By Daniel Hunter
The Mayor of London, Boris Johnson, has hailed the return of the world’s cycling superstars to the capital as the final Tour de France 2014 route was unveiled in Paris.
A million cycling fans are expected to turn out to see the Tour de France when it reaches London on 7th July 2014 as part of a three-day visit to Britain.
It is six years since London hosted the ‘Grand Depart’ of the Tour de France and the Mayor hopes that the capital will enjoy an economic windfall of tens of millions as a direct result of hosting the prestigious Tour once again.
The Mayor of London, Boris Johnson, said: “Our national enthusiasm for cycling has reached fever pitch since the 2012 Games and after two consecutive victories in the Tour. Next year a new generation of Chris Froomes are sure to be inspired as they watch our cycling legends sprint up the Mall to a roar of spectators clamouring to see the battle for the Yellow Jersey.”
The Mayor remains committed to ensuring London retains its status as the world capital of sport, but recognises the need for a balanced approach to ensure everyone can benefit from major events whilst keeping London moving. That is why the Mayor has set up a Major Events Oversight Board to assess and monitor the impact of major sporting events in the capital. This will ensure that any major events that we decide to host in our city will not only have a clear and demonstrable benefit to London, but also that any resulting disruption will be kept to an absolute minimum.
The Tour will start its three day visit to Britain on Saturday July 5, with a 120-mile leg from Leeds to Harrogate via the Yorkshire Dales National Park. On day two, riders will go from York to Sheffield before travelling by car to Cambridge ready for the start of day three.
On Monday 7th July, 200 riders will set out from Cambridge, entering London through Epping Forest before completing a circuit of the Queen Elizabeth Olympic Park. They will then ride through the East End before turning westwards along the Thames. Buckingham Palace will then form the backdrop to the climax of the three day event as riders sprint up The Mall.
London’s Transport Commissioner, Sir Peter Hendy CBE said: “The Tour de France is a fantastic event which will attract huge numbers of people to the capital to see some of the greatest names in cycling fighting it out for the famous Yellow Jersey. We will, as usual, work closely with businesses and stakeholders to help them make the most of the economic opportunities this presents while keeping disruption to a minimum.”
Christian Prudhomme, director of Le Tour, said: “We are excited to take Le Tour back to Britain again. I know the Grand Départ in Yorkshire will be visually stunning and technically challenging and the third stage from the cycling city of Cambridge to the historic heart of London will provide a fitting finale. The British cycling fans are passionate people and I am sure they will line the routes of the three stages cheering the teams and riders all the way from Yorkshire to London, providing an unforgettable start to the 2014 Tour.”

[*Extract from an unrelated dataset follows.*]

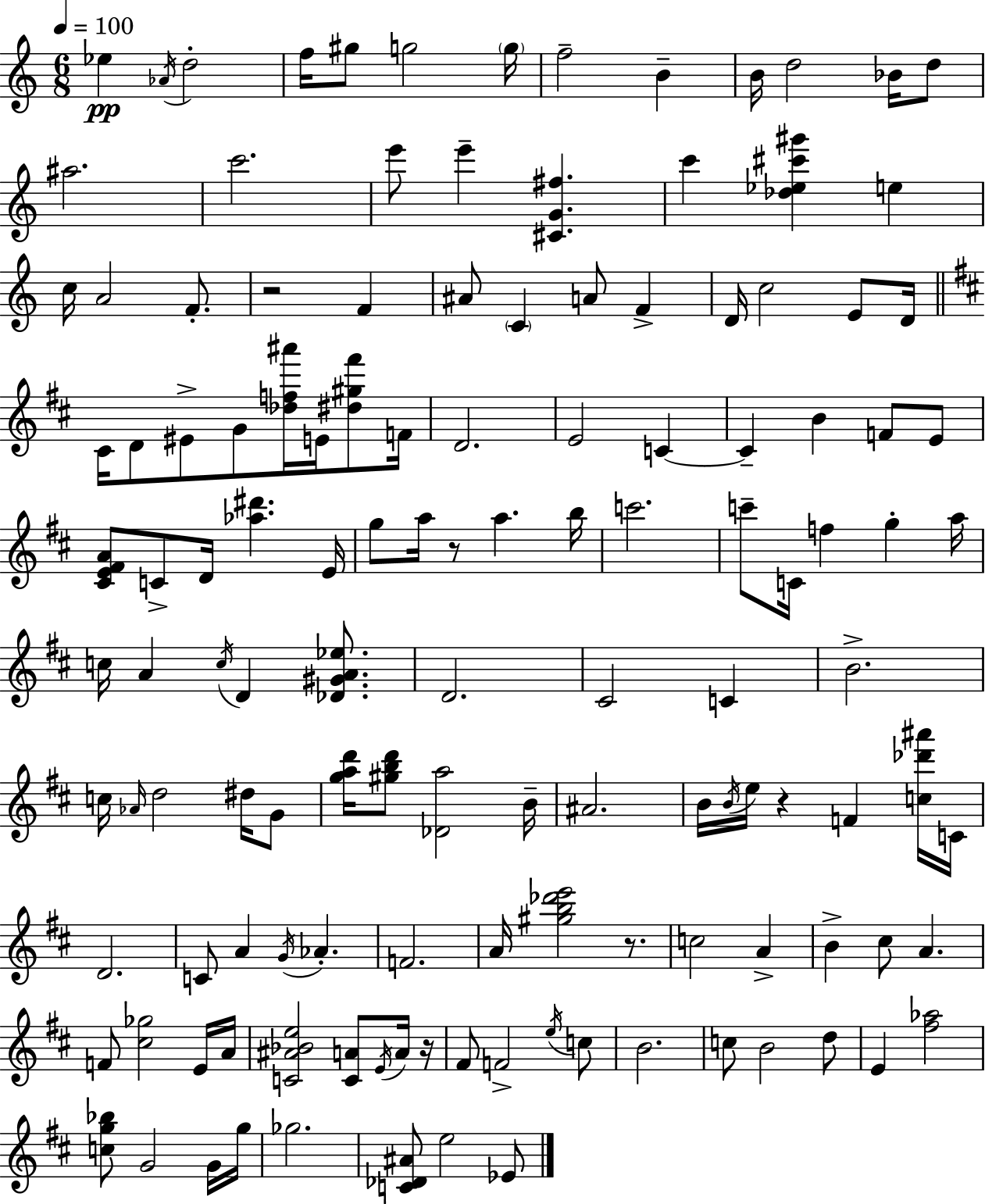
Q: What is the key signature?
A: C major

The Tour de France will kick off a spectacular summer of cycling in London, with the exciting event followed by Prudential RideLondon on the 9th and 10th August and then the Tour of Britain, which traditionally finishes in the capital, taking place between 7th — 14th September.
Next summer’s cycling windfall is likely to inspire thousands more Londoners to take to two wheels, building on the Mayor’s ambition for cycling to be an integral part of the transport network. As part of his cycling vision, the Mayor is already engaging in a vast £1billion programme of improvements - creating a series of enhanced cycling superhighways, urban ‘quietways’ for more cautious cyclists, and turning some outer boroughs into mini-Hollands.